Have you polarized the regulator so it will charge the battery? This requires a quick jump. Here is a handy guide: http://www.ntractorclub.com/howtos/pdfs/Testing-Replacing-Polarizing-8N-Voltage-Regulator.pdf

The original Ford ammeter uses an internal shunt. When the shunt burns out or breaks the ammeter will not pass current to the battery.


----------



## willys55 (Oct 13, 2016)

RC Wells said:


> Have you polarized the regulator so it will charge the battery? This requires a quick jump. Here is a handy guide: http://www.ntractorclub.com/howtos/pdfs/Testing-Replacing-Polarizing-8N-Voltage-Regulator.pdf
> 
> The original Ford ammeter uses an internal shunt. When the shunt burns out or breaks the ammeter will not pass current to the battery.


this is what I was thinking


----------



## pie (Mar 24, 2018)

.yes ive polarized it at regulator (touch the arm and battery terminals watch for spark).rewired the whole thing all new wires 10 and 12 awg . yes the meter does show a slight discharge. about -4 amps when running it goes to -1 and 0 and stays there. its like the regulater is not activated the magnetic field in generator. when I bypass the regulator with jumpers and activate magnetic field it puts out 20-25 volts. think it might be a bad regulator but its new. when I put meter to battery with every thing off it shows 6.24 volt when running same thing. checked armature with wires off generator and engine running (meters pos to armature neg to battery negative , got 5.33 volts.) and with wires hooked up same reading. its like field circuit is not working.
that's why I was woundering if battery is at full charge it would not charge battery till battery voltage droped.


----------



## pie (Mar 24, 2018)

that's everything ive done.


----------



## willys55 (Oct 13, 2016)

just for the hell of it, after reading your post I went out to my willys truck (also 6 volt) started it up and put a meter on the battery, charge was reading 6.38v.....battery is fully charged and I have not had any issues with lights not working ....also not sure but it looks like my amp gauge never moves till I turn on the heater...then it pegs -10


----------



## deerhide (Oct 20, 2016)

pie said:


> having trouble with charging system on 6n. with positive hooked up to ground on generator,and negative hooked up to field on generator, it makes the magnets inside the generator activate. with tractor running the output of generator is 15 volts. but when I hook it up to voltage regulator.it only puts out 5 volts to battery. everthing ive read says it should be 7 -8 volts . and my autometer on tractor stays at 0.(it is a 6volt system) any help would be great


If this is a Ford 8n, 2n, or 9n if you have the battery hooked up positive ground you need to change it. All of them I ever saw were negative ground.


----------



## deerhide (Oct 20, 2016)

deerhide said:


> If this is a Ford 8n, 2n, or 9n if you have the battery hooked up positive ground you need to change it. All of them I ever saw were negative ground.

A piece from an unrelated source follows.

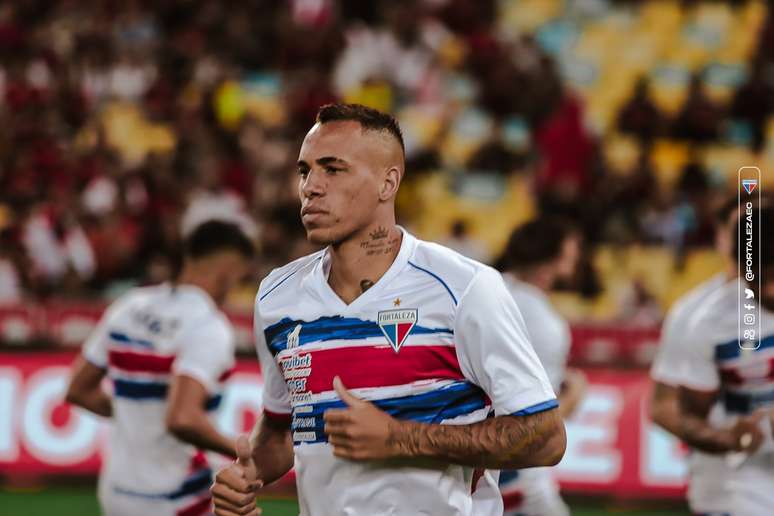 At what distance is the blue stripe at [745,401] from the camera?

I saw and owned plenty of 'em but I could be wrong(I never saw 1 pos. ground, 6v or converted to 12v....................


----------



## pie (Mar 24, 2018)

every thing ive read said 12 volt is negative ground.


----------



## pie (Mar 24, 2018)

ill try to make it a negative ground. the reason I started looking at the charging system is I would go tru a battery every year. and battery was put in as negative ground . this is before I knew anything about the tractor. or repolarizing the generator.


----------



## pie (Mar 24, 2018)

think the only thing I have to change coil connections.


----------



## deerhide (Oct 20, 2016)

If it has an alternator it would be 12v neg. ground. I guess if it had a 12v. generator(dynamo) it could be neg. but unlikely. I found if the old tractors had good compression; either by new rings and sleeves and/or just new rings and grind the valves, they would start on 6 volts just as good. Then you didn't have to change the lights or make other changes. IMO the 1 thing that would of made the n series better would be a double clutch.


----------



## Vic Bunn (Jan 21, 2018)

deerhide said:


> If it has an alternator it would be 12v neg. ground. I guess if it had a 12v. generator(dynamo) it could be neg. but unlikely. I found if the old tractors had good compression; either by new rings and sleeves and/or just new rings and grind the valves, they would start on 6 volts just as good. Then you didn't have to change the lights or make other changes. IMO the 1 thing that would of made the n series better would be a double clutch.


By having a double clutch making n series tractors better do you mean that it would give them a live power takeoff?
Vic


----------